Blueprint for reforms to lay foundation for growth in next decade gets the nod
Leaders of the Communist Party of China (CPC) on Tuesday concluded a key meeting on economic reforms with an agreement to give the market a more prominent role in driving growth in the world’s second-largest economy.
A communiqué issued after the four-day, behind-closed-doors meeting said the market would be given “a decisive role in allocating resources”. This will reflect, analysts said, a more prominent role for the market, which was officially designated as playing only “a basic role” when the country launched economic reforms in 1992.
While no specific details have, as yet, been outlined regarding areas where further market reforms will be implemented, policy measures are expected to be announced in coming weeks.
The communiqué called for “decisive results” in “key sectors”, to ensure that a “procedure-based and effective framework” for growth was in place by 2020. To this end, the document said the CPC would set up “a central leading team for comprehensively deepening reform”, which would be placed in charge of “coordinating reform” and “supervising the implementation of reform plans”.
At the four-day meeting, which took place amid tight security in a military-run hotel in west Beijing, the 376 members of the CPC’s Central Committee approved a blueprint for reforms to lay the foundation for growth in the next decade, even as the government grapples with a slowing economy and the challenge to transform the three decades-old, State investment-driven, growth model.
The weekend meeting was the third sitting, or plenum, of the new Central Committee which took over in November of last year, following a once-in-a-decade leadership change. Historically, third plenary meetings have been used to introduce economic reforms, most famously in 1978 when the plenum under the then leader Deng Xiaoping gave the push for China to launch market reforms and close the chapter on Maoism.
China’s new leaders had, in recent weeks, raised expectations for bold moves by drawing parallels with the 1978 meeting, and declaring that the session would herald “unprecedented” reforms.
Two areas where there had been particular attention were reforming property rights in rural areas to give farmers the right to sell their land, and to reform the influential and wealthy State-owned Enterprises (SOEs).
The communiqué said the property rights protection system “will be improved”, and a unified land market for urban and rural areas will be set up, suggesting restrictions on selling farmland may be loosened.
While China’s urban property market has boomed since the 1990s after the government opened up the market, the continuing collective ownership of rural land, which can only be leased by farmers, has been seen as slowing down urbanisation and widening the urban-rural income gap. Local governments, which derive most of their revenues from land sales, have opposed giving titles to farmers.
“Farmers currently cannot trade land in the market, so lots of land is lying idle,” Oliver Meng Rui, Professor of Finance at the China Europe International Business School in Shanghai, told The Hindu .
He said there were “two motivations” behind land reform. “One is to let farmers, once they trade land, to get financial benefits. The other is to increase supply of land and cool down the real estate market.”

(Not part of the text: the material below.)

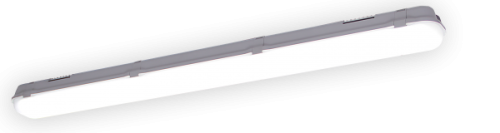 Светильник ЛУЧ-5 х 8 LED Р1.2 ip65 (опал, 5700К)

On the reform of SOEs, the communiqué only said State-run companies would be made to “adhere to modern corporate practices” — a possible indication, Mr. Rui said, of getting more State-run firms to publicly list on the stock market in the future.
In China, SOEs control monopolies in vital sectors, holding total assets worth $ 7.35 trillion. Reforming SOEs has been seen by many economists here as a key step in the government’s objective of transforming the State investment-driven model and boosting innovation industries.
Officials acknowledge that many State-run enterprises have emerged as hotbeds of corruption, holding murky ties with elite Party families and other interest groups. According to a survey conducted this week by the Party-run Global Times , 30 per cent of respondents viewed “vested interest groups” as posing the biggest obstacle to reforms. Another 45.4 per cent blamed local governments for blocking Central policies.
Beyond economic reforms, the document highlighted the leadership’s focus on maintaining social stability, announcing the setting up of a State Security Committee to “safeguard state security” and “effectively prevent and end social disputes” though it did not detail what specific role the newly set up body would play.
The document also acknowledged the need for judicial reforms “to ensure independence and fairness in prosecuting bodies and courts”, amid growing calls to overhaul the Party-controlled courts system to address rising unrest at the grassroots, often triggered by land disputes involving local governments.